Pharmaceutical manufacturer Biocon and its partner Mylan received marketing approval for their glargine insulin product Semglee in European Union and Australia, marking the first biosimilar approval for the partnership in Europe.
Biosimilars are drugs that mimic or imitate the actions of natural proteins or enzymes in the body, such as insulin.
Glargine insulin, which is available from a wide range of manufacturers, is a long-acting insulin analogue used to control blood sugar levels in those with diabetes.
However, unlike regular insulin that is often taken three times a day, glargine insulin needs to be taken only once a day and doesn’t result in steep fluctuations in sugar levels seen with regular insulin injections.

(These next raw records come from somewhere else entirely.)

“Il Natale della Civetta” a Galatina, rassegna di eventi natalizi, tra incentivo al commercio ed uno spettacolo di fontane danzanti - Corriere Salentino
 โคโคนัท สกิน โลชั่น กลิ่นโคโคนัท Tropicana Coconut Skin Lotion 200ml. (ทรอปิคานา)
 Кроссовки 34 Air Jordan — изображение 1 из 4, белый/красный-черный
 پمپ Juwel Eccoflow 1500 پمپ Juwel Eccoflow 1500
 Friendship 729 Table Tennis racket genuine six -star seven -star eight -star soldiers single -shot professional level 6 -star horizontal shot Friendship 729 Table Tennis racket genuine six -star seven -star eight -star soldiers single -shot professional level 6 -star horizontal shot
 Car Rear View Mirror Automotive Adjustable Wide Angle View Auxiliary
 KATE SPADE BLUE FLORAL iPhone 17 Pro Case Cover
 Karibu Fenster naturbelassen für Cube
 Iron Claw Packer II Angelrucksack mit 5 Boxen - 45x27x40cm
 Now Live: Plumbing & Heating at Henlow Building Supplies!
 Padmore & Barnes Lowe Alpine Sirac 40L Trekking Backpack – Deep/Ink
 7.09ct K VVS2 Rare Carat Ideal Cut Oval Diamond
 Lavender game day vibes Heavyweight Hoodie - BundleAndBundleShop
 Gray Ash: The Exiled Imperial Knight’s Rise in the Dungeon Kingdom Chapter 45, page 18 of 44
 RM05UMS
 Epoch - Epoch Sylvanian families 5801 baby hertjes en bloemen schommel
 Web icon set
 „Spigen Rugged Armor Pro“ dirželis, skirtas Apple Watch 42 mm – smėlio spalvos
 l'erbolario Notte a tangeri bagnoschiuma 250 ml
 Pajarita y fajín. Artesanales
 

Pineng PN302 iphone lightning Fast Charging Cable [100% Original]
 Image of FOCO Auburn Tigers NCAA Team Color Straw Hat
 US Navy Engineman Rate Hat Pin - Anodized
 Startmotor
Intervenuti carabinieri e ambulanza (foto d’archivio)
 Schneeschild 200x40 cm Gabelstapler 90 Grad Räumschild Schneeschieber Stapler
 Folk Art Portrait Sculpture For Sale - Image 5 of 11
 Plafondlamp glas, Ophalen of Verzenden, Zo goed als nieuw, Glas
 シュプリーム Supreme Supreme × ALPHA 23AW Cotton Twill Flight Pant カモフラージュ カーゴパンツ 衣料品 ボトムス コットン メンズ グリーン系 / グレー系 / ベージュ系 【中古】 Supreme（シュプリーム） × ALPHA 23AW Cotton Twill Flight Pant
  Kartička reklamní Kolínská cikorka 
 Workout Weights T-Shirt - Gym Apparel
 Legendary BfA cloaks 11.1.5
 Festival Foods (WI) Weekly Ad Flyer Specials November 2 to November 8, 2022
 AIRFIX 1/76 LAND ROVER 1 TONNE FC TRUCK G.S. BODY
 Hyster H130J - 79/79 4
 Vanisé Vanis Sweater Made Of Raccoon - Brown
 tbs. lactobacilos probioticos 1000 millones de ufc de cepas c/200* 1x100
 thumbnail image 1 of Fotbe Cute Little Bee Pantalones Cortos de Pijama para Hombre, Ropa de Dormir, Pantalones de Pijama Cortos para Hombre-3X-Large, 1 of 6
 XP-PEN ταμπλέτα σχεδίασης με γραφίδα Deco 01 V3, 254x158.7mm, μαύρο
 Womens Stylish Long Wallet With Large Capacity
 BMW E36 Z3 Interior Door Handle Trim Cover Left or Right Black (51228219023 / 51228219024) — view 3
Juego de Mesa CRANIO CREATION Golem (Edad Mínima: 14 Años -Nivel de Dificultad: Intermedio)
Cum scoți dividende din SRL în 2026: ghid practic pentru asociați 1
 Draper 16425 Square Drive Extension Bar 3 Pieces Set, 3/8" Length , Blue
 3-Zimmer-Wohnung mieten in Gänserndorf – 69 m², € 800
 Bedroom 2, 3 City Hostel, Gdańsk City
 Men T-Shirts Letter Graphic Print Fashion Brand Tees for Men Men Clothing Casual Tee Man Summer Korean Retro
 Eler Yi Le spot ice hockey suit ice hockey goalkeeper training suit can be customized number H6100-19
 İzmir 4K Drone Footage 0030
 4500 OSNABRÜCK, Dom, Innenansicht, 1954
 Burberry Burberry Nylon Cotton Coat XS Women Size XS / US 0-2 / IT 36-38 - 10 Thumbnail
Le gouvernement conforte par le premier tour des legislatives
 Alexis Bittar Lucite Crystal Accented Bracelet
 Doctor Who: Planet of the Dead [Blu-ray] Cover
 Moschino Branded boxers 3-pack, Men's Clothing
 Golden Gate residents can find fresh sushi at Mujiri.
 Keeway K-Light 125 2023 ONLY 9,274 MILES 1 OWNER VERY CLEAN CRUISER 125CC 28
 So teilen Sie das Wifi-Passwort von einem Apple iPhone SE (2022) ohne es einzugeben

The product consists of microcrystals that slowly release insulin, giving a long duration of action of 18 to 26 hours, with a “peakless” profile.
The companies said Semglee has also been submitted in Canada. “Several submissions are planned for key emerging markets,” it added.
According to the partnership agreement between the two companies, Mylan has exclusive commercialization rights for insulin glargine in the U.S., Canada, Australia, New Zealand, the European Union and European Free Trade Association countries.
Biocon has exclusive rights for Japan and a few emerging markets, and co-exclusive commercialization rights with Mylan in the rest of the world.
Mylan plans to launch Semglee in Australia later this year and expects to begin launching the product across various markets in Europe in the second half of 2018.
The EU approval of Semglee applies to all 28 member states and the European Economic Area (EEA) member states of Norway, lceiand and Liechtenstein, the companies said.